- [WHAT YOU HAVE TO DO]: With both ends included, transcribe exactly the records below from their first line to the line that contains "Don't miss out".

- [SUPPLIED RECORDS]:
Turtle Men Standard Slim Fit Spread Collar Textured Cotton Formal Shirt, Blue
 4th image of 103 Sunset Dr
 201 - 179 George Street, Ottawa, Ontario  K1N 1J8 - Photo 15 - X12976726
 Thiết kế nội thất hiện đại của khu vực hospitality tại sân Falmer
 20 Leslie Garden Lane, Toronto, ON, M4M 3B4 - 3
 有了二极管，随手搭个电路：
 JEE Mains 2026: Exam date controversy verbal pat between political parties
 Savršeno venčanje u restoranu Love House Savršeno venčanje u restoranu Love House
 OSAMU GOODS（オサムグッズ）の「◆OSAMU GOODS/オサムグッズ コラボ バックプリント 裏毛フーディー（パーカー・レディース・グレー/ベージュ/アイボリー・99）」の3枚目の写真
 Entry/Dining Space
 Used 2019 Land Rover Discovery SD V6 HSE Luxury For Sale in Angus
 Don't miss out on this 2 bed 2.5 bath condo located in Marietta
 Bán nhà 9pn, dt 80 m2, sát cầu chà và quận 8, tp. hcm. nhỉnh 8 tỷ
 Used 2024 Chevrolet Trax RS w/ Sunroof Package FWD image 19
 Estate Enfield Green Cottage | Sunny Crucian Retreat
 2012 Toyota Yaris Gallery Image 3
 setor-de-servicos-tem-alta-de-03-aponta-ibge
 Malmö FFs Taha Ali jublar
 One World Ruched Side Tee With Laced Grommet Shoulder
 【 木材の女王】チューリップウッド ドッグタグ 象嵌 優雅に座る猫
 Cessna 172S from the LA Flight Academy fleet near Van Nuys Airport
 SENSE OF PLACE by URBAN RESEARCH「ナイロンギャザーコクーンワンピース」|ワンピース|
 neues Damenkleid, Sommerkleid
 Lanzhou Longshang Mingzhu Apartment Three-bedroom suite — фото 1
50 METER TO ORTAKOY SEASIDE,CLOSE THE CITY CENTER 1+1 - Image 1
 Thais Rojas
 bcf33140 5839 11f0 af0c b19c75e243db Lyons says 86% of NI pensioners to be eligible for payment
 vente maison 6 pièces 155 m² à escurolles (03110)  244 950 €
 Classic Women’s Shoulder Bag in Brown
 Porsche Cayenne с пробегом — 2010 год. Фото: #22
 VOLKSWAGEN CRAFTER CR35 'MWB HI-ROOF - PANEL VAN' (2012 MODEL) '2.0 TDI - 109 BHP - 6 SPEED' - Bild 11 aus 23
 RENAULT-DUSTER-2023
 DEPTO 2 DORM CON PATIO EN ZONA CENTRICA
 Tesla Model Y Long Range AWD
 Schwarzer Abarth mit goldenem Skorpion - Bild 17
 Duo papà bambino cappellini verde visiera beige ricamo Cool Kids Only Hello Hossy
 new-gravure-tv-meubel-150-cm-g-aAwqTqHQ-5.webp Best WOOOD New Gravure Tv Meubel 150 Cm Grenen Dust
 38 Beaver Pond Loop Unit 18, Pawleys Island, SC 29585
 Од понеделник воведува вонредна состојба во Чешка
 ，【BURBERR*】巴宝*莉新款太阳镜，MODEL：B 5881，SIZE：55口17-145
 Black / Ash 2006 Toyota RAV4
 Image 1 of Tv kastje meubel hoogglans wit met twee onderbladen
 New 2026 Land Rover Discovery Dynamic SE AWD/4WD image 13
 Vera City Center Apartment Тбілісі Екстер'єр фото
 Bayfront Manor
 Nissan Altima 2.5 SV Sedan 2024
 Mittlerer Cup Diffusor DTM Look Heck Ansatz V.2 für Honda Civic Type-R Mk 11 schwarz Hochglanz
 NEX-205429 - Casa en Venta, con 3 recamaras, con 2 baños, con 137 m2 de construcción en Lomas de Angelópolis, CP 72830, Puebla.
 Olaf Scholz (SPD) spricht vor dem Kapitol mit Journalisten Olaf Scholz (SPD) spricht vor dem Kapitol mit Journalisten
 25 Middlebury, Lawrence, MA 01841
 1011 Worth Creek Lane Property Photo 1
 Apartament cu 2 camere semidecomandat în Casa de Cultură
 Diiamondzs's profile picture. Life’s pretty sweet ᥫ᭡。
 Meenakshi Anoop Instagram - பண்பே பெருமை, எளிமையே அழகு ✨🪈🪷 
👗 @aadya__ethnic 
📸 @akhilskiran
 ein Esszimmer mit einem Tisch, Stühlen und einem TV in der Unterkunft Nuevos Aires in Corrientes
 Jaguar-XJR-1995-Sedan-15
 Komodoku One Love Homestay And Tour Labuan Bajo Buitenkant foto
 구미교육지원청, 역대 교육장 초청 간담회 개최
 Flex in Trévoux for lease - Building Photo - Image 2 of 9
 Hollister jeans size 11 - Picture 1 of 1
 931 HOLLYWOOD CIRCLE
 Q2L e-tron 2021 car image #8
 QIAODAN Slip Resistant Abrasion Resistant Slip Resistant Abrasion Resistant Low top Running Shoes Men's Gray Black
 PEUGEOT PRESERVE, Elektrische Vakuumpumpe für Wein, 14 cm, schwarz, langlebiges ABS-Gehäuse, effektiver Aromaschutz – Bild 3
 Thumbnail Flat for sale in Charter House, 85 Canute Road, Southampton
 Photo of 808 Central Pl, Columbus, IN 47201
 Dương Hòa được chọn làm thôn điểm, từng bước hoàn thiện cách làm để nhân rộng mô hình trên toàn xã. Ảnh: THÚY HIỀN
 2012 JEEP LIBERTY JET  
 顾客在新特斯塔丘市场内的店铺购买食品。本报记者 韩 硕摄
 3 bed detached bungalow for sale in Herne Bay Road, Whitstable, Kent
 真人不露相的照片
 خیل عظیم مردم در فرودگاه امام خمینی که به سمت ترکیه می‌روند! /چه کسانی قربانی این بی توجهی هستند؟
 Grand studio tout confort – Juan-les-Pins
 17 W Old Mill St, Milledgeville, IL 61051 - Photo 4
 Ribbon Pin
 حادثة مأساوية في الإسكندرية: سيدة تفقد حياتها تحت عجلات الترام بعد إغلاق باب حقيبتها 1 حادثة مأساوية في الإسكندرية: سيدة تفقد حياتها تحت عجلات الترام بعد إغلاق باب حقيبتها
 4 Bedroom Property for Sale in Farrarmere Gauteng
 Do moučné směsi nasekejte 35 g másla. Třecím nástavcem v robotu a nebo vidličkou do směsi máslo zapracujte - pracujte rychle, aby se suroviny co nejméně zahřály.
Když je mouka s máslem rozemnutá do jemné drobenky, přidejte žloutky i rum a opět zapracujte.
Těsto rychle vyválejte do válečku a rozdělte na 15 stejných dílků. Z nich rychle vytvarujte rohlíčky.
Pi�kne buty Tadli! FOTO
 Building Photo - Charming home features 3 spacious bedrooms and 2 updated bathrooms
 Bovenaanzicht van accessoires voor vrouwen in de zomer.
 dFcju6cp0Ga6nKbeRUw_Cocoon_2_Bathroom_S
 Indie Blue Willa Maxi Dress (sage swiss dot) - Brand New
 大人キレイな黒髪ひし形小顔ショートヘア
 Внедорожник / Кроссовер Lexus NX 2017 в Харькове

- [PROBLEM SOLUTION]:
Turtle Men Standard Slim Fit Spread Collar Textured Cotton Formal Shirt, Blue
 4th image of 103 Sunset Dr
 201 - 179 George Street, Ottawa, Ontario  K1N 1J8 - Photo 15 - X12976726
 Thiết kế nội thất hiện đại của khu vực hospitality tại sân Falmer
 20 Leslie Garden Lane, Toronto, ON, M4M 3B4 - 3
 有了二极管，随手搭个电路：
 JEE Mains 2026: Exam date controversy verbal pat between political parties
 Savršeno venčanje u restoranu Love House Savršeno venčanje u restoranu Love House
 OSAMU GOODS（オサムグッズ）の「◆OSAMU GOODS/オサムグッズ コラボ バックプリント 裏毛フーディー（パーカー・レディース・グレー/ベージュ/アイボリー・99）」の3枚目の写真
 Entry/Dining Space
 Used 2019 Land Rover Discovery SD V6 HSE Luxury For Sale in Angus
 Don't miss out on this 2 bed 2.5 bath condo located in Marietta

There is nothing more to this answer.